I'm working on a project of collecting some datas from https://www.hockey-reference.com/boxscores/. Actually I'me trying to get every table of a season. I've generated a list of urls composed by combining https://www.hockey-reference.com/boxscores/ with each date of the calendar and each team name like "https://www.hockey-reference.com/boxscores/20171005WSH.html
I've stocked every url into a list but some are leading to a 404 error. I'm trying to use the "Curl package" with the function "url.exists" to know if there will be a 404 error and delete the url of the list. The problem is that each url from the list (including really existing url) return FALSE with url.exists in a for loop... I've tried to use this function in the console with url.exists(my list[i]) but it returns FALSE.
here's my code:
library(rvest)
library(RCurl)
##### Variables ####
team_names = c("ANA","ARI","BOS","BUF","CAR","CGY","CHI","CBJ","COL","DAL","DET","EDM","FLA","LAK","MIN","MTL","NSH","NJD","NYI","NYR","OTT","PHI","PHX","PIT","SJS","STL","TBL","TOR","VAN","VGK","WPG","WSH")

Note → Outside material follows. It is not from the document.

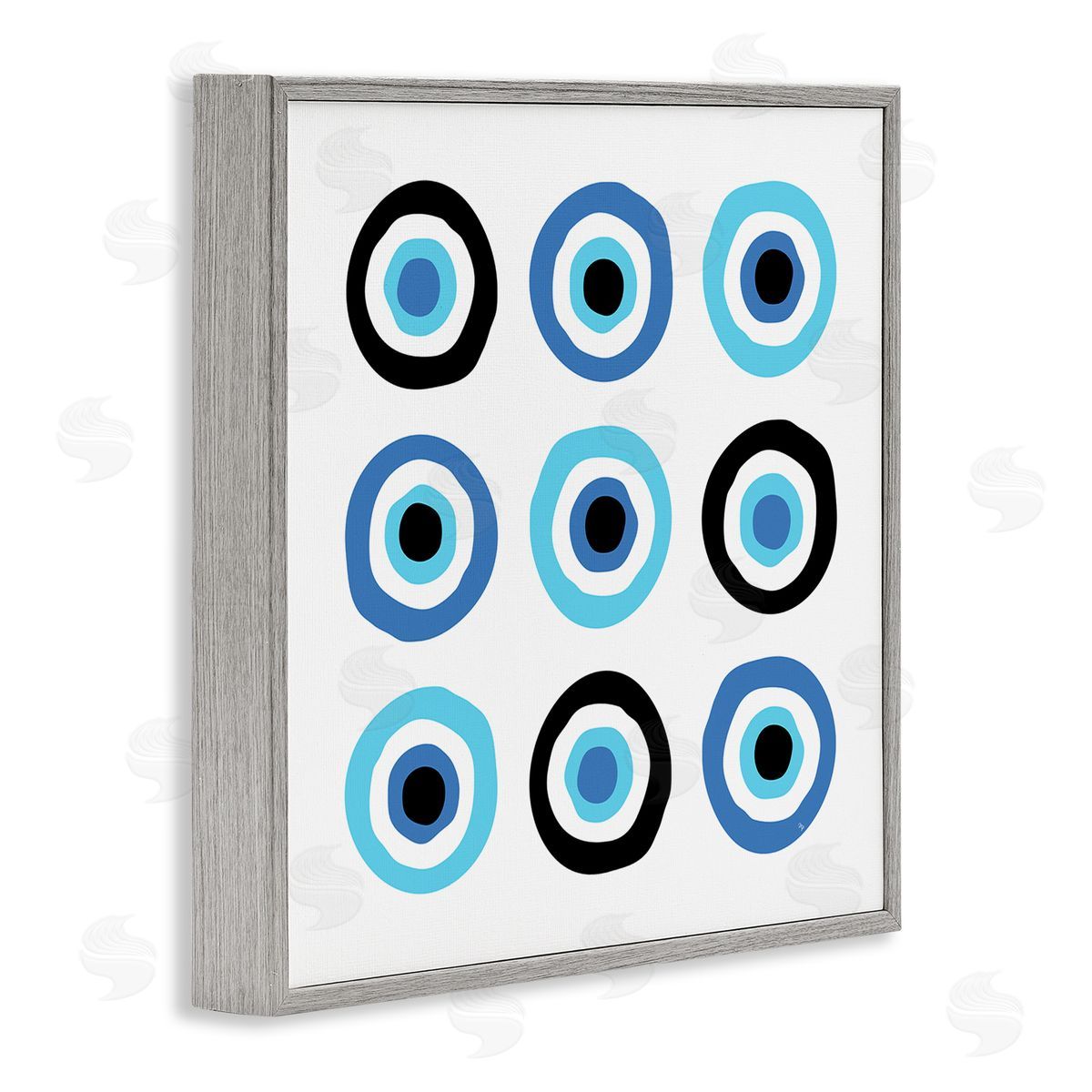 Martina Pavlova Traditional Art Deco Evil Eyes Symbolic Spiral Amulets Gray Framed Glicee Wall Art Print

S2017 = read.table(file = "2018_season", header = TRUE, sep = ",")
dates = as.character(S2017[,1])
#### formating des dates ####
for (i in 1:length(dates)) {
dates[i] = gsub("-", "", dates[i])
}
dates = unique(dates)
##### generation des url ####
url_list = c()
for (j in 1:2) { #dates
for (k in 1:length(team_names)) {
print(k)
url_site = paste("https://www.hockey-reference.com/boxscores/",dates[j],team_names[k],".html",sep="")
url_list = rbind(url_site,url_list)
}
}
url_list_raffined = c()
for (l in 1:40) {
print(l)
if (url.exists(url_list[l], .header = TRUE) == TRUE) {
url_list_raffined = c(url_list_raffined,url_list[l])
}
}
Any idea for my problems ?
thanks
Instead of RCurl
, you could use the httr
package:
library(httr)
library(rvest)
library(xml2)
resp <- httr::GET(url_address, httr::timeout(60))
if(resp$status_code==200) {
html <- xml2::read_html(resp)
txt <- rvest::html_text(rvest::html_nodes(html)) # or similar
# save the results somewhere or do your operations..
}
here url_address
is the address you are trying to download. Maybe you need to put this in a function or loop to iterate over all your addresses.